Sunday Night Journal — September 26,2010
We now have a Catholic radio station here: Archangel Radio,
AM1410. It’s the creation in part of my fellow St. Lawrence
(Fairhope, Alabama) parishioner Joe Roszkowski and broadcasts from an
office in the parish center. Joe is a partner in one of the more
successful restaurants in the area, the Original
Oyster House. (That’s not the original Original Oyster
House; the original Original Oyster House was mostly destroyed by
Hurricane Katrina, and the new one is a mile or so away from the old
site, and on very high pilings.)
The station went on the air just last week. I don’t listen
to the radio very much, and when I do it’s usually not AM, but
I tuned in Friday afternoon. I was almost home, so I only had a few
minutes to listen. It was some sort of call-in question-and-answer
program, and when I tuned in the host (a priest, I think) was
discussing with the caller the last days of St. Therese of Lisieux:
the terrible agonies she suffered from the tuberculosis which killed
her, and her effort to accept that suffering and offer it willingly
to God.
There are a lot of small Christian radio stations in this area,
and Archangel Radio was first intended to occupy this building:
It
had previously housed another station which had also been badly
damaged by Hurricane Katrina (like the Oyster House, it’s
located on the Mobile Bay Causeway, which frequently gets flooded by
hurricanes). But something went wrong with that deal, and the
building went to another station. I pass the building most days on my
way to or from work, and I had noticed recently that it now bore new
call letters: WMOB, AM1360.
The Archangel program was winding up, and I thought of this other
station. Since it was only a few clicks away, I tuned it in. I caught
just a minute or so of the speaker making a concluding point having
something to do with the Book of Life described in Revelation, and
then his signoff: “This is Roland Dart, and you are
born to win.”
What a contrast: agony, blood,
sputum, suffocation on the Catholic side; on the other side, winning.
I almost said “the
American side,” which actually would be appropriate; I
shouldn’t say “the Protestant side,” because the
broadcast I was hearing was a very American form of Protestantism
which is by no means approved by all Protestants.
There
is a lot to admire in American evangelicalism, but this tendency to
picture worldly success as a natural consequence of embracing the
Gospel is not one of them. I had not heard of Roland Dart before that
moment, and I don’t want to misjudge him, and perhaps his
slogan is not meant to refer to worldly success. If he is any kind of
Christian at all, he doesn’t mean only that.
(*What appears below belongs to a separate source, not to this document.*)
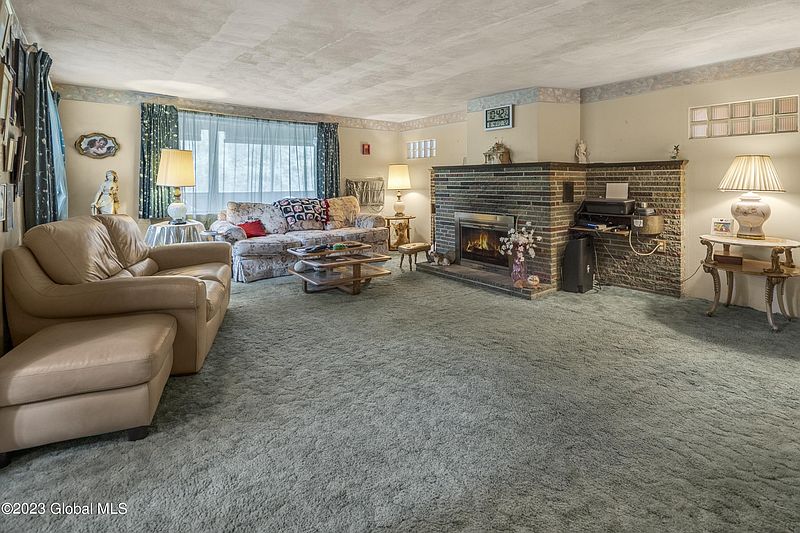 3rd image of 988 Sacandaga Road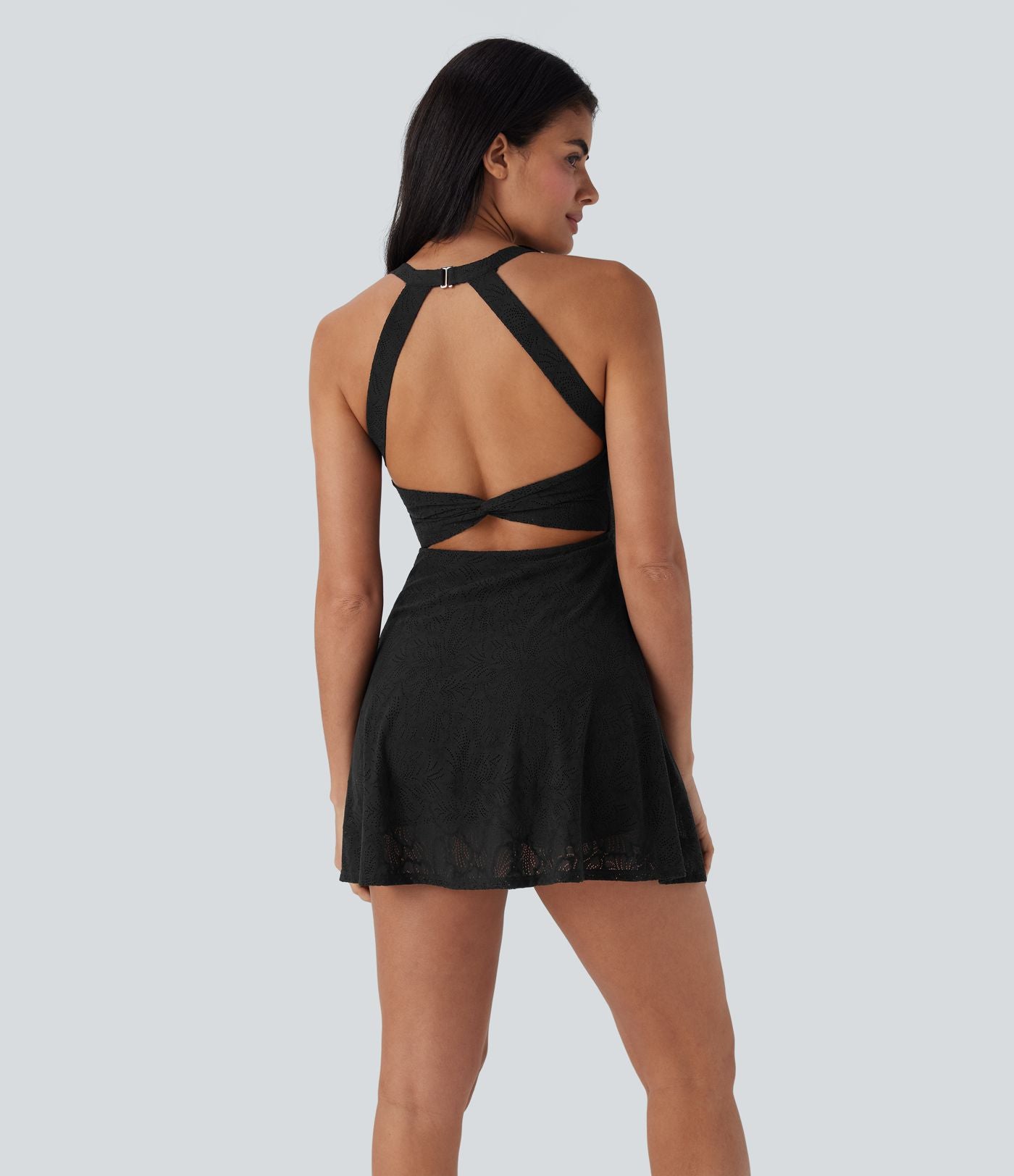 Robe-short 2-en-1 mini de danse active avec dos nu, détail torsadé, dentelle et poches-Easy Peasy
But at a minimum, it indicates a questionable emphasis. (Here
is his web site, if you want to judge for yourself.)
One may hear, in evangelical
circles, suffering viewed as a necessary trial and as something which
makes one stronger, but I can’t recall encountering in any form
of Protestantism the idea that suffering has a positive meaning in
itself. That seems to me a
mostly Catholic thing (I have to plead ignorance on Orthodox views).
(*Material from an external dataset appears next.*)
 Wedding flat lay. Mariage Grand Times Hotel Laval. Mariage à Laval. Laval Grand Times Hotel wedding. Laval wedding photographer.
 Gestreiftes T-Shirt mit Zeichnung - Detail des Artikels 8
Catholic emphasis on suffering
can become morbid, and I can’t deny that a good bit of what
I’ve seen in that respect—some of the art of the
Renaissance, for instance—has struck me as excessive. But it’s
an excess of something (paradoxically) healthy. Viewed simply as a
matter of psychology, it’s a great benefit. We will all have
pain in our lives, and the Catholic way of looking at it turns it
into something we can give, a personal sacrifice that actually has an
effect.
There is an element of sacrifice
in every gift: in even the smallest, one has given up something of
one’s own, a bit of time or money or effort, with the intent
and hope of making someone else happy, at least for a moment. And in
general a greater sacrifice is a greater gift (setting aside various
forms of manipulation, which are not really gifts at all but attempts
to control, or to purchase affection and gratitude). To be in
physical or mental pain, and to offer that pain to God, as a gift and
a prayer for not just the brief, but the eternal, happiness of those
one loves…well, if there is another way of looking at suffering
that could give it more meaning (for it is suffering that seems to be
meaningless that is
hardest to bear) and more assistance in bearing it, I can’t
think of it. (I’ve written about this before;
it’s something I often think about.)
As far as I know this idea is not
found in Protestant thought generally, and that’s unfortunate.
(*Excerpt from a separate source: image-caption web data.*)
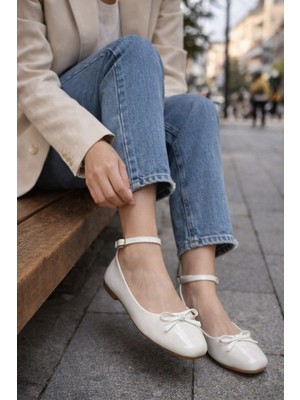 Klay Shoes Kadın Rugan Bilekten Kemerli Şık Rahat Retro Babet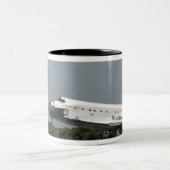 Ruimtesluiting Endeavor raakt omlaag Tweekleurige Koffiemok (Center)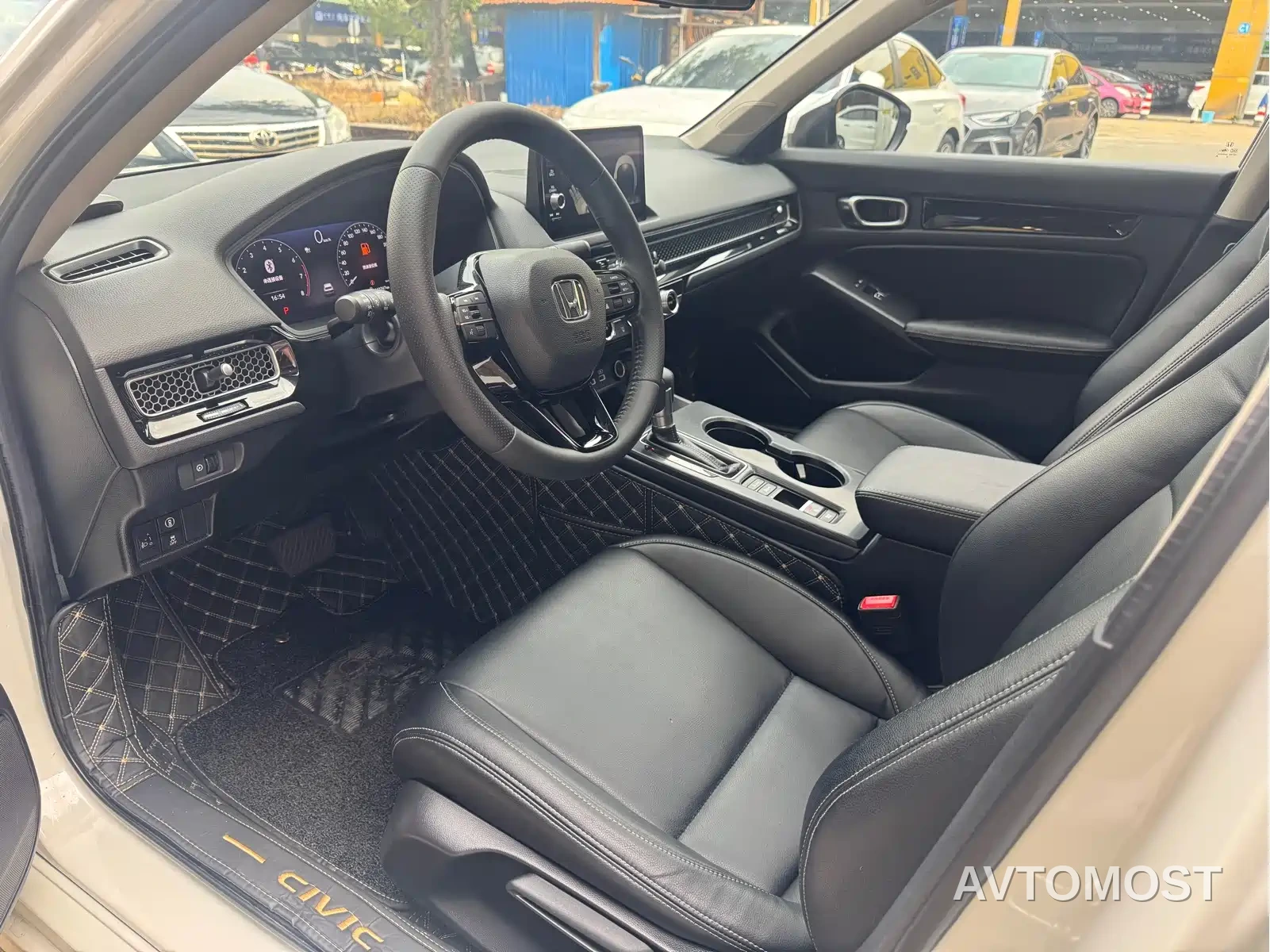 Honda Civic 2022 240TURBO CVT Sport Edition — фото 4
Perhaps it’s being rediscovered, as seems to be happening with
some other Catholic ways of looking at the faith. It seems to me a very striking and significant difference. I don’t know that it necessarily involves in itself a serious doctrinal disagreement, but it certainly illustrates the way doctrinal differences can produce very different cultures of faith. Probably 80% or so of what Roland Dart believes is not seriously at odds with the teachings of the Catholic Church, but that 20% can make a pretty big difference.